National Institute of Hydrology (NIH) is an autonomous society under Ministry of Water Resources, River Development & Ganga Rejuvenation, Government of India and has been functioning as a research Institute in the area of hydrology and water resources in the country since 1979 in Roorkee City. Main objectives of the institute are to undertake, support, promote and coordinate systematic and scientific research work in all aspects of Hydrology and Water Resources.

The institute acts as a centre of excellence for transfer of technology, human resources development and institutional development in specialized areas of hydrology and conducts user defined, demand-driven research through collaboration with relevant national and international organizations. The institute vigorously pursues capacity development activities by organizing training programs for field engineers, scientists, researchers, NGOs etc. The institute is focusing studies and R&D in the thrust areas of impact of climate change on water resources; integrated water resources management; groundwater modeling and management; flood and drought management; regional hydrology; hydrology of extremes; reservoir/lake sedimentation; watershed hydrology; and water quality assessment in specific areas.

The institute has its headquarters at Roorkee (Uttarakhand, India). It has Seven Regional centres at Belagavi, Jodhpur , Jammu,Kakinada and Bhopal and two Centres for Flood Management Studies at Guwahati and Patna. The NIH has a partnership with the Indian Institutes of Technology (IIT).

== Objectives ==
NIH carries out basic, applied, and strategic research in hydrology and water resources.
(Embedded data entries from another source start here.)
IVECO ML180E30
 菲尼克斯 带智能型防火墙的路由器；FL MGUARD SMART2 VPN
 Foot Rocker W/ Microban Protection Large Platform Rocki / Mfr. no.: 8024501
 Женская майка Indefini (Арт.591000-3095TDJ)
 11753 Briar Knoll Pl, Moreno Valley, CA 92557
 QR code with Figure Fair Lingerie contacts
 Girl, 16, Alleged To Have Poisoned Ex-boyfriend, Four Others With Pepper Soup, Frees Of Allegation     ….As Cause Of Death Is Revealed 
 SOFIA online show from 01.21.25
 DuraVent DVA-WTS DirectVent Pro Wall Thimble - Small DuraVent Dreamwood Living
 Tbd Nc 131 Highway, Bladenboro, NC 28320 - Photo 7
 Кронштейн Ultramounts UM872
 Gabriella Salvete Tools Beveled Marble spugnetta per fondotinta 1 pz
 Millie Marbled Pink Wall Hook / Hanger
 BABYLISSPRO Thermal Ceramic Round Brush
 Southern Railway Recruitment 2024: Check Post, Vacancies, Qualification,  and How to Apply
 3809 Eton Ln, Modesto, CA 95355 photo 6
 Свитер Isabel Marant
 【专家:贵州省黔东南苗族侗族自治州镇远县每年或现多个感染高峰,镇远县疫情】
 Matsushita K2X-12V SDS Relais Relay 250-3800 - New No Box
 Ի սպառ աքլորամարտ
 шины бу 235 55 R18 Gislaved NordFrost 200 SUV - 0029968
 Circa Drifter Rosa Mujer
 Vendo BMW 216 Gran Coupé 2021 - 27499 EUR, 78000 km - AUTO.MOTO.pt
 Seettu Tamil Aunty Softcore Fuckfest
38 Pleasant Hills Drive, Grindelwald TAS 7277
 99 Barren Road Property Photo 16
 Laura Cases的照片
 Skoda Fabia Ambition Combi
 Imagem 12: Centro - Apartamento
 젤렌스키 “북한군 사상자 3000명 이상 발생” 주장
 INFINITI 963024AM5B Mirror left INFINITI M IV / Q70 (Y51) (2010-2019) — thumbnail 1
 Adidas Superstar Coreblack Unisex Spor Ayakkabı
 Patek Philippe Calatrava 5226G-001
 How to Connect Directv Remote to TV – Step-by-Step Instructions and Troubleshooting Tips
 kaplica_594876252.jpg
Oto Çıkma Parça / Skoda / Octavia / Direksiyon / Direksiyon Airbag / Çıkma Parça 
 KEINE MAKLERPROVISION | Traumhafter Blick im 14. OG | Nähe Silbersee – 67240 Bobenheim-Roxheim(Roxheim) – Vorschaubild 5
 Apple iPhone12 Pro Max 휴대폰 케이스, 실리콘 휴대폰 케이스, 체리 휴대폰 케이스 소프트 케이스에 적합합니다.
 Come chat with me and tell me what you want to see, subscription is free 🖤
It aims to develop methodologies for the optimum utilization of water resources, to develop methodologies for water and environmental sustainability, to propagate emerging technologies in water resources development, to protect the society from water related hazards, and to develop mass awareness for water conservation and optimum utilization.

The specific objectives of NIH are as follows:

(1) To undertake, promote, assist, and coordinate systematic research and work in all aspects of hydrological sciences and other water-related disciplines, and to publish the findings and results of research and investigations through appropriate offline and online media.

(2) To carry out modeling and other advanced techniques to aid in the resolution of pressing societal issues concerning water quantity and quality, including floods, droughts, groundwater, sedimentation, salinization, pollution, and climate change.

(3) To research and develop novel, cost-effective tools, techniques, methodologies, procedures, software, and field and laboratory instrumentation, to aid in the performance of its mission.

(4) To establish and maintain a live, dynamic and committed resource base in terms of staff, laboratories, equipment, libraries, and specialized expertise in hydrological sciences and other water-related fields.

(5) To propagate across society-at-large the application of emerging technologies in water resources development and management.

(6) To develop, maintain, and continuously improve its online presence to ensure the widest dissemination of its research.

(7) To collaborate with appropriate national and international organizations engaged in research in hydrological sciences.

(8) To carry out other activities that are considered by the NIH Society to be necessary, incidental, or conducive to the attainment of its mission.